A China está em transição de uma economia baseada nas exportações para uma atividade puxada pelo consumo interno e, nesse contexto, não interessa ao país uma moeda barata, que encarece as importações. O crescimento de 6,9% nos primeiros três meses deste ano, o maior dos últimos seis trimestres, anunciado nesta segunda-feira, deveu-se a um aumento nos gastos públicos com infra-estrutura e à continuidade do boom da construção civil. Esses repiques de atividade causaram aumento da compra de matérias-primas, resultando num recorde de importação de petróleo, na segunda maior compra de minério de ferro e num aumento de 34% nas importações de carvão.
Ross no entanto tem a ingrata missão de reduzir o déficit comercial americano, como parte central da promessa de seu chefe de tornar a “América grande de novo”. “O presidente não tolera mais sermos o déficit que come os superávits do resto do mundo”, advertiu o secretário.
Na economia real, a retórica de Trump, o Brexit e os demais apelos protecionistas não impedem uma onda de expansão do comércio global iniciada no ano passado. A Organização Mundial do Comércio (OMC) projeta crescimento de 1,8% a 3,6% das trocas neste ano. Em 2018, a estimativa é de aumento entre 2,1% e 4%. Esses números têm como base previsões de crescimento do PIB global de 2,7% neste ano e de 2,8% no ano que vem. No ano passado, o comércio cresceu 1,3%.
Relatório divulgado no dia 12 pela OMC afirma: “O crescimento econômico global tem estado desequilibrado desde a crise financeira (de 2008/2009), mas pela primeira vez em vários anos em todas as regiões do mundo a economia deve experimentar um impulso em 2017. Isso pode reforçar o crescimento e proporcionar um estímulo adicional ao comércio.”
Na apresentação do relatório, o diplomata brasileiro Roberto Azevêdo, diretor-geral da OMC, declarou, num recado indireto ao governo americano: “O comércio tem o potencial de fortalecer o crescimento se o movimento de bens e o fornecimento de serviços através das fronteiras continuar amplamente irrestrito. Entretanto, se as autoridades tentam enfrentar perdas de empregos internamente com restrições severas às importações, o comércio não pode ajudar a impulsionar o crescimento e pode até constituir uma âncora da retomada”.

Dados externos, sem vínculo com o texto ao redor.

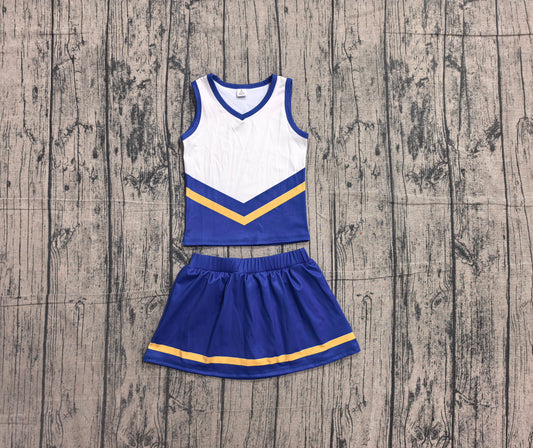 NO MOQ Preorder GSD4196 GO TEAM Stripe Blue Yellow White Sleeveless Skirts Yoga Girls Sets 202605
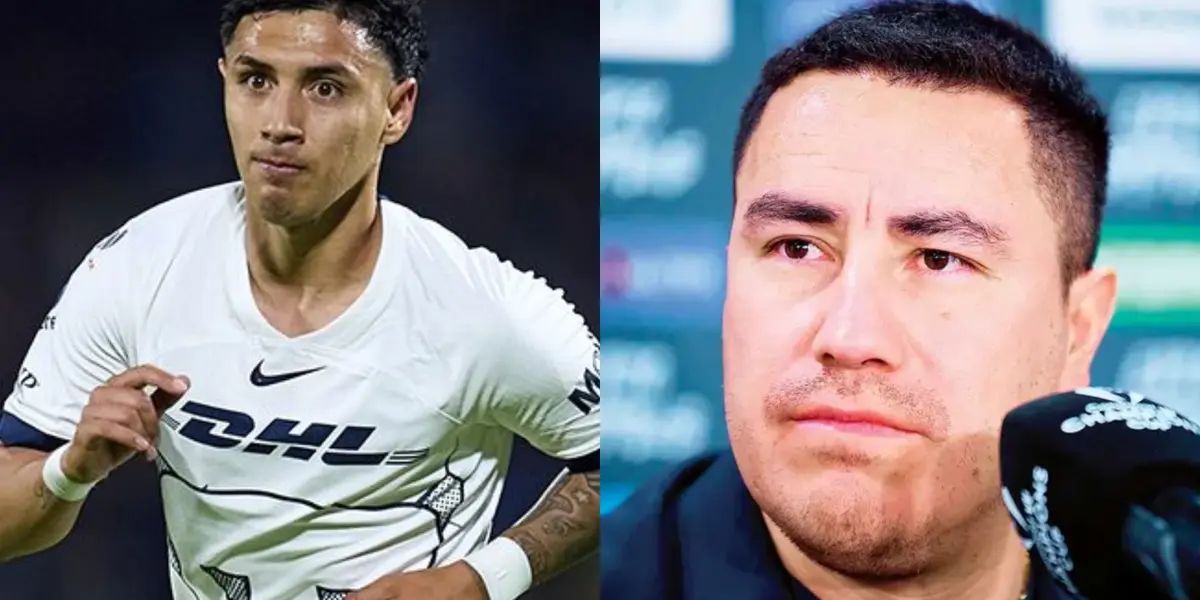 Leo Suárez en juego con Pumas, a la derecha, Juárez en conferencia de prensa (Fuente: Mexsports y Concacaf)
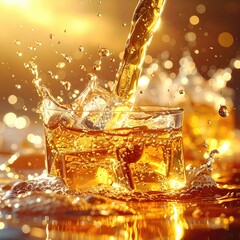 Liquid splashes into a glass with ice, warm bokeh lights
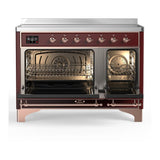 ILVE UMIB48QNR3BUP Majestic III 48 inch Induction Range with 6 Elements, 5.02 cu. ft. Total Oven Capacity (Solid Door, Burgundy, Copper)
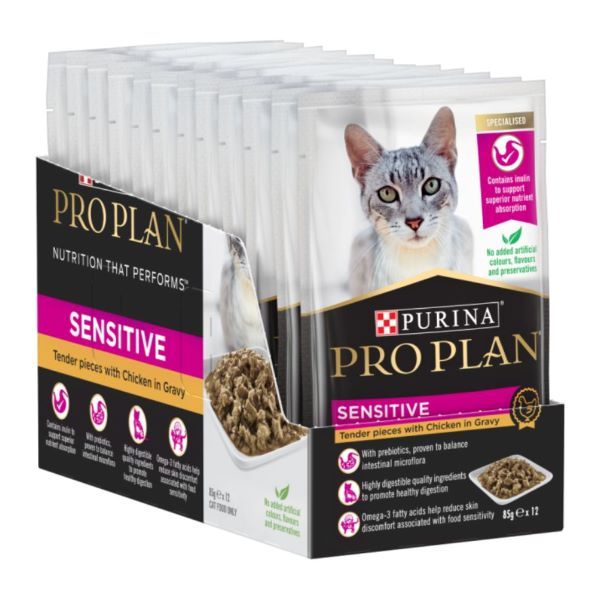 Purina Pro Plan Sensitive Cat - Chicken in Gravy Wet Food 12x85g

Azevêdo continuou: “Embora o comércio de fato cause algum deslocamento econômico em certas comunidades, seus efeitos adversos não deveriam ser superestimados — nem deveriam esconder seus benefícios em termos de crescimento, desenvolvimento e geração de emprego. Deveríamos ver o comércio como parte da solução das dificuldades econômicas, não parte do problema”.
A resposta, portanto, disse ele, é “buscar políticas que extraiam os benefícios do comércio, e ao mesmo tempo aplicar soluções horizontais para o desemprego que incluam melhor educação e treinamento e programas sociais que possam rapidamente ajudar os trabalhadores a ficar de pé novamente para competir por empregos do futuro”.
É mais fácil falar do que fazer, mas muitos especialistas e mesmo alguns políticos, nos Estados Unidos e na Europa, já reconhecem que os governos deveriam ter feito mais para ajudar os trabalhadores que perderam empregos de alta qualidade na indústria a encontrar um novo lugar no mercado de trabalho. Agora, o problema não é só econômico, mas também político.